The data:
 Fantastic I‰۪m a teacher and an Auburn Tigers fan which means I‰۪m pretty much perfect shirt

* * *

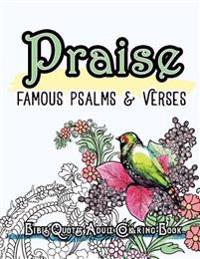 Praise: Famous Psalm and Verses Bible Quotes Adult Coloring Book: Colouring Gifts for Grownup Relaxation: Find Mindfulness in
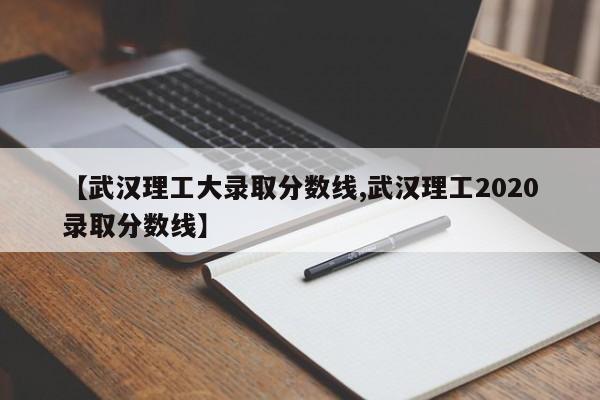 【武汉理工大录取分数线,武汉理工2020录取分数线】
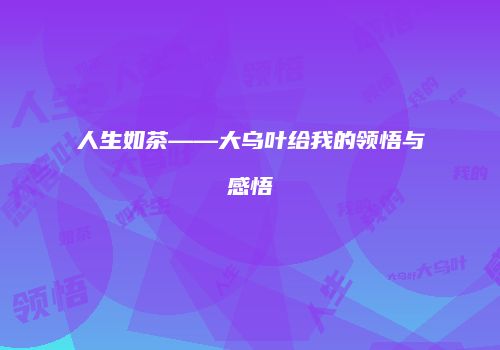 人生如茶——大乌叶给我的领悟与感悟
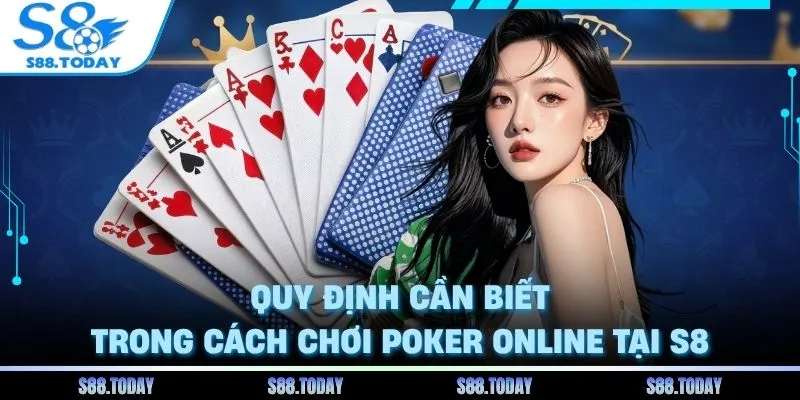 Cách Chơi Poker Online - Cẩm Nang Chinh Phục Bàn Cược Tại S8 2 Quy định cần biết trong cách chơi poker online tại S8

--

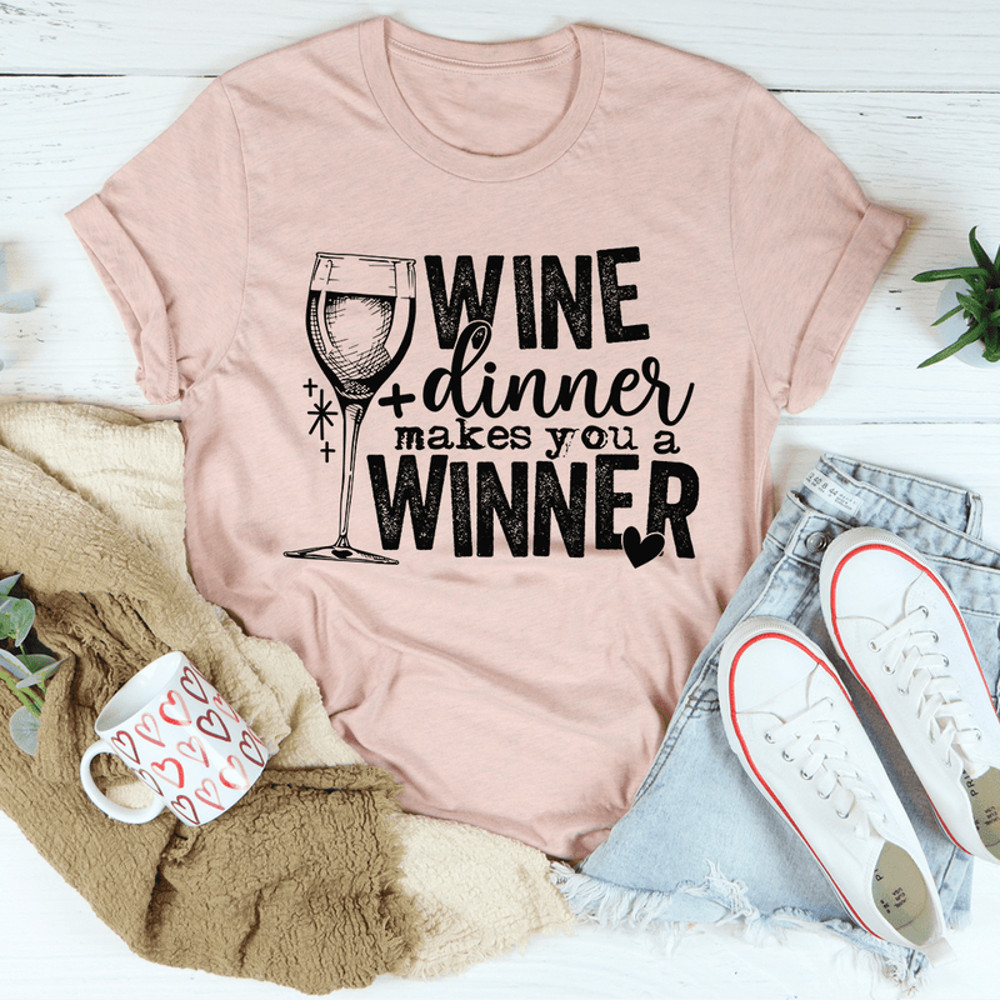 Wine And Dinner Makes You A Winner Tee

What to do:
Would you copy out, exactly and with no pictures, only the lines above from the one that contains "Praise: Famous Psalm" through the one that contains "Cách Chơi Poker Online - Cẩm"?

Solution:
 Praise: Famous Psalm and Verses Bible Quotes Adult Coloring Book: Colouring Gifts for Grownup Relaxation: Find Mindfulness in
 【武汉理工大录取分数线,武汉理工2020录取分数线】
 人生如茶——大乌叶给我的领悟与感悟
 Cách Chơi Poker Online - Cẩm Nang Chinh Phục Bàn Cược Tại S8 2 Quy định cần biết trong cách chơi poker online tại S8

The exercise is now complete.